* Supplied data *
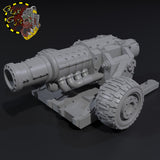 Mekanized Gun - C - STL Download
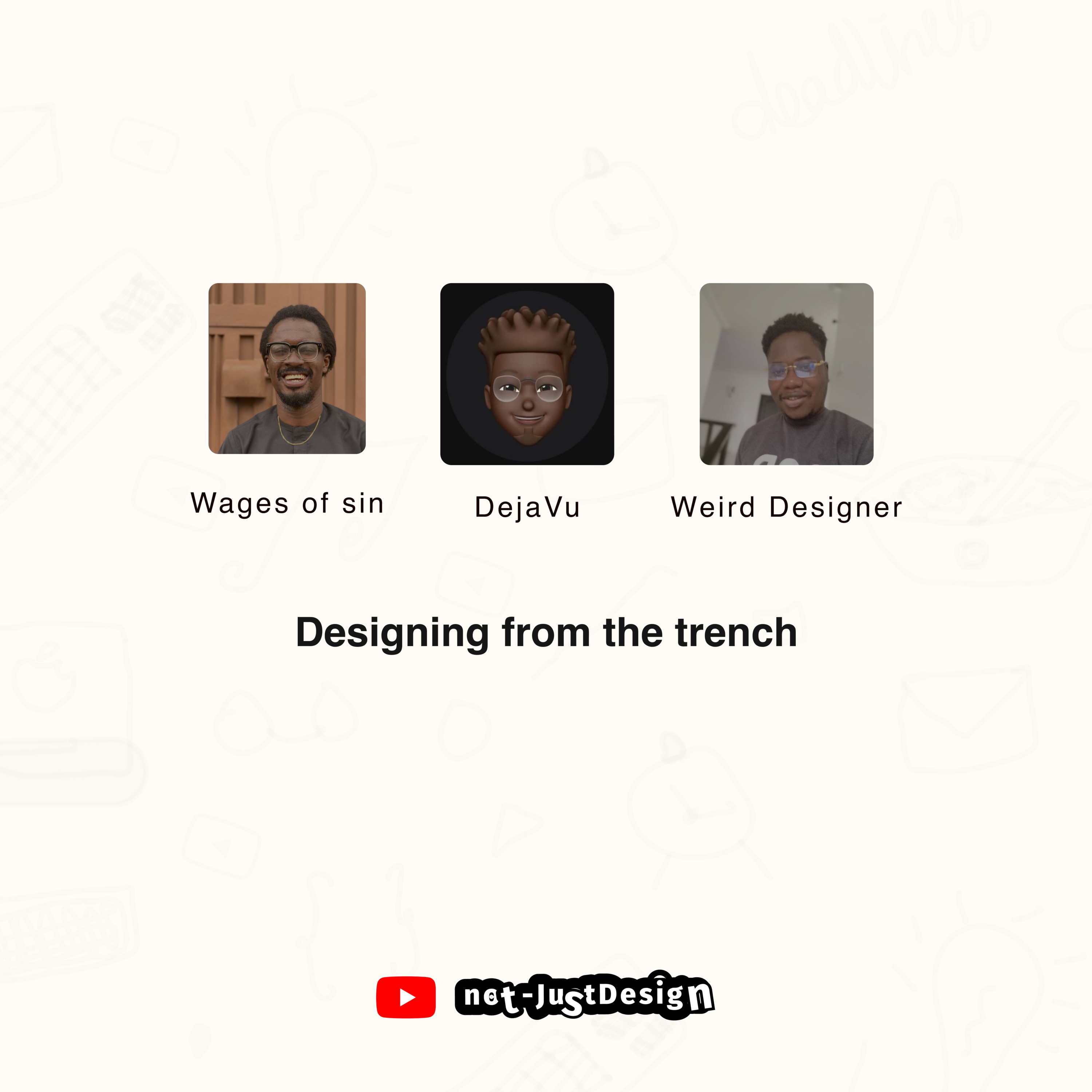 Notjustdesign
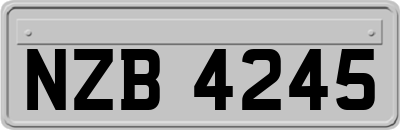 NZB4245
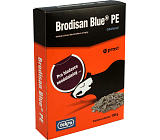 Brodisan Blue PE Granulat zur Bekämpfung von Nagetieren, 150 g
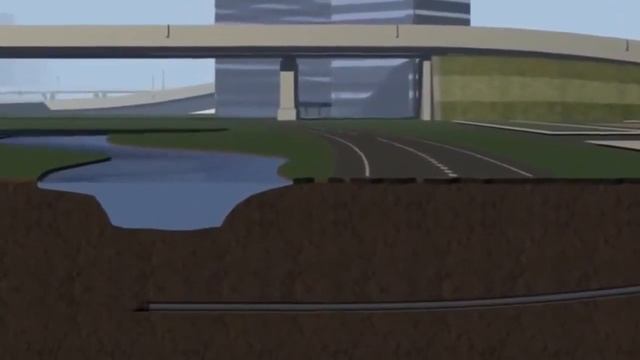 Горизонтально направленное бурение ГНБ смотреть онлайн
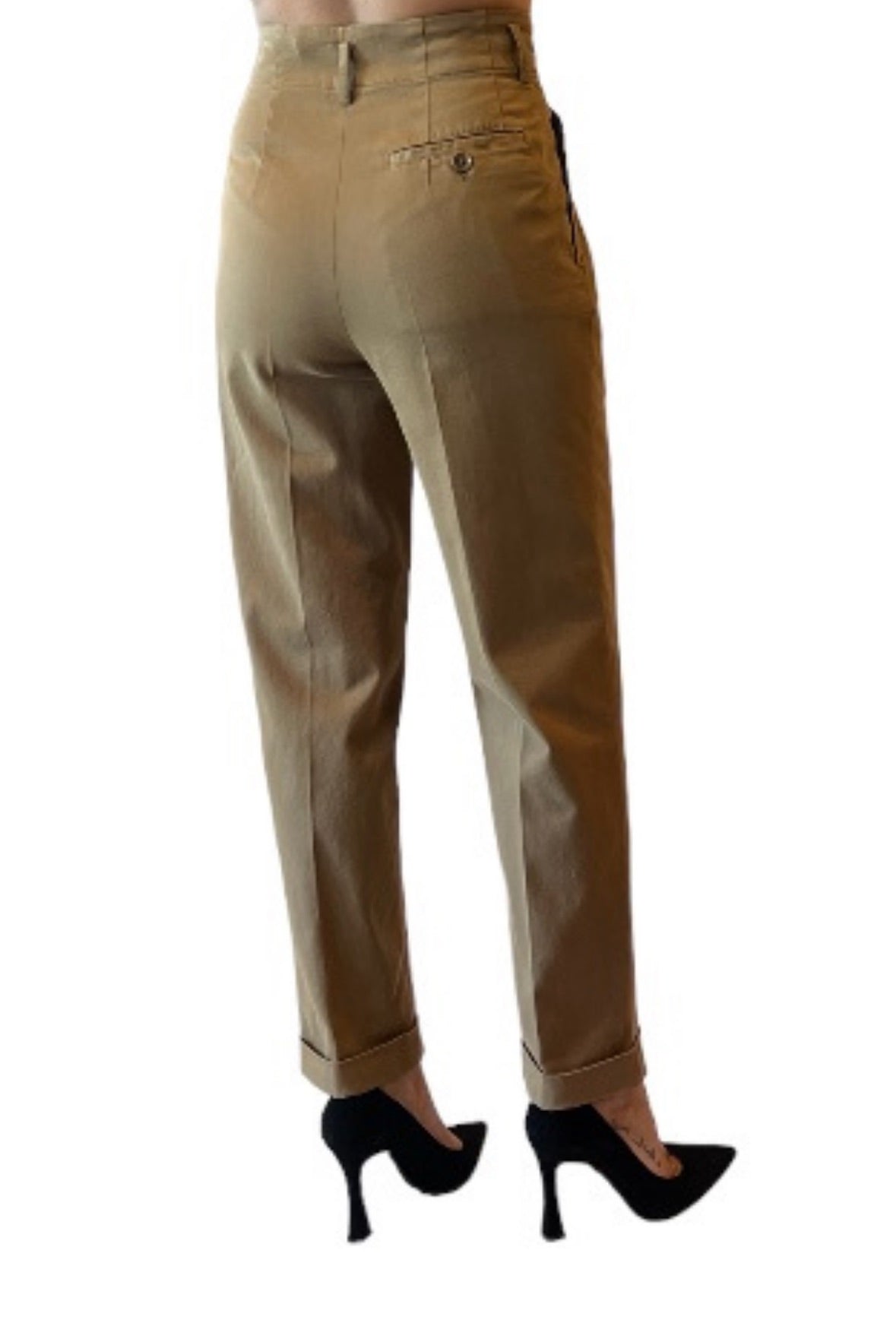 Pantalone dritto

* Task objective *
Please output the material above unchanged, apart from removing the pictures.

* Response area *
 Mekanized Gun - C - STL Download
 Notjustdesign
 NZB4245
 Brodisan Blue PE Granulat zur Bekämpfung von Nagetieren, 150 g
 Горизонтально направленное бурение ГНБ смотреть онлайн
 Pantalone dritto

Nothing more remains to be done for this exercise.